Bild: Für den Alltag sind es kleine Dinge, die KI erleichtern kann
taz: Frau Skowranek, was haben Menschen, die nicht gut lesen und schreiben
können, im Alltag von Hilfestellung durch künstliche Intelligenz, etwa
durch ein Tool [1][wie ChatGPT]?
Kristin Skowranek: Wenn ich als alleinerziehende Mutter eine Entschuldigung
für meinen Sohn schreiben muss, der krank geworden ist, kann ChatGPT dabei
helfen. Genauso kann ich Texte auch einscannen und zusammenfassen lassen
oder die KI darum bitten, mir die Inhalte in einfacher Sprache wieder
auszugeben. Beispielsweise wenn ich einen Brief von einer Behörde bekomme,
oder wenn mein Vermieter mir schreibt, muss ich den Text verstehen und
darauf antworten können. Das kann mit KI gut funktionieren.
taz: Wie funktioniert so etwas für die Betroffenen bisher?

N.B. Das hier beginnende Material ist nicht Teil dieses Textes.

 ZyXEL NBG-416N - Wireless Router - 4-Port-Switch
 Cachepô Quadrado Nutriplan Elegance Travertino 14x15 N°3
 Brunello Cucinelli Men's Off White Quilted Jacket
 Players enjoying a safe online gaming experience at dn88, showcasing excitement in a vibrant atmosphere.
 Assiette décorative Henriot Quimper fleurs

Skowranek: Studien zeigen, dass das Umfeld der Betroffenen viele Aufgaben
übernimmt, die mit Lesen und Schreiben verbunden sind. Künstliche
Intelligenz könnte ein Werkzeug sein, das die Menschen im Alltag
selbständiger macht. In Deutschland leben schätzungsweise 3,3 Millionen
Menschen, die Deutsch als Muttersprache sprechen und nicht gut lesen und
schreiben können. Diese Menschen sind im Alltag auf viel Unterstützung
angewiesen.
taz: Sie beschäftigen sich damit, wie Betroffene mit KI umgehen. Wie sieht
solche Forschung konkret aus?
Skowranek: Zusammen mit Lehrenden der Volkshochschule Hamburg habe ich
Kurse besucht, in denen Menschen lesen und schreiben lernen. Dort habe ich
die Teilnehmer:innen mit KI Aufgaben lösen lassen, um den Status quo
festzuhalten: Was können diese Menschen schon? Worauf müssen sie
vorbereitet werden? Das ist die Datengrundlage, die wir jetzt auswerten.
Daraus entwickeln wir ein Workshopkonzept, das Lehrende befähigen soll,
selbst Kurse durchzuführen, in denen Wissen über KI vermittelt wird.

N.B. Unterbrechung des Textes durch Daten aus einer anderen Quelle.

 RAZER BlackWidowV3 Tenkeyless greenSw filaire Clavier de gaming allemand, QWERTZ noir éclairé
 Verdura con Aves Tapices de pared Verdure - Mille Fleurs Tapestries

taz: Sprachmodelle wie ChatGPT können zwar Texte generieren, am Anfang muss
ich aber immer selbst etwas eingeben. Ist das nicht ein Problem?
Skowranek: Auch wenn man einzelne Füllwörter weglässt, kann die KI eine
sinnvolle Antwort generieren. Das ist erst mal ein Vorteil für die
Betroffenen. Entscheidend ist der Satzbau. Wenn dieser durcheinandergerät,
wird es schwierig, als Antwort einen sinnvollen Text zu erhalten. Eine
unerwartete Hürde war außerdem die Schreibweise bestimmter Laute. Wenn zum
Beispiel im Wort „für“ das ü fehlt, kann das Modell den Kontext oft nicht
mehr erkennen.
taz: Könnten die Menschen das, was sie eingeben möchten, nicht einfach
einsprechen?
Skowranek: Für unser konkretes Forschungsprojekt hatten wir die
Diktierfunktion ausgestellt. Alle Teilnehmer:innen mussten also mit der
Tastatur tippen. Vor allem diejenigen, die auf einem sehr niedrigen Level
lesen und schreiben können, hatten dabei Probleme. Aber die Diktierfunktion
könnte ihnen die Eingabe im Alltag sicherlich erleichtern.
taz: Oft geben Sprachmodelle lange Antworten. Ist das nicht umständlich für
Menschen, [2][die nicht gut lesen können]?
Skowranek: Ja, das kam häufig vor. Viele der untersuchten
Teilnehmer:innen hatten daher Verständnisprobleme. Das lässt sich aber
leicht lösen, indem man den Text zusammenfasst. Zum Beispiel, indem man
„kürzer“ dahinterschreibt. Ein Wort genügt also, um dieselbe Aussage in
einem wesentlich kürzeren Text zu erhalten. Ich kann mir Texte auch
vorlesen lassen, um sie besser zu verstehen.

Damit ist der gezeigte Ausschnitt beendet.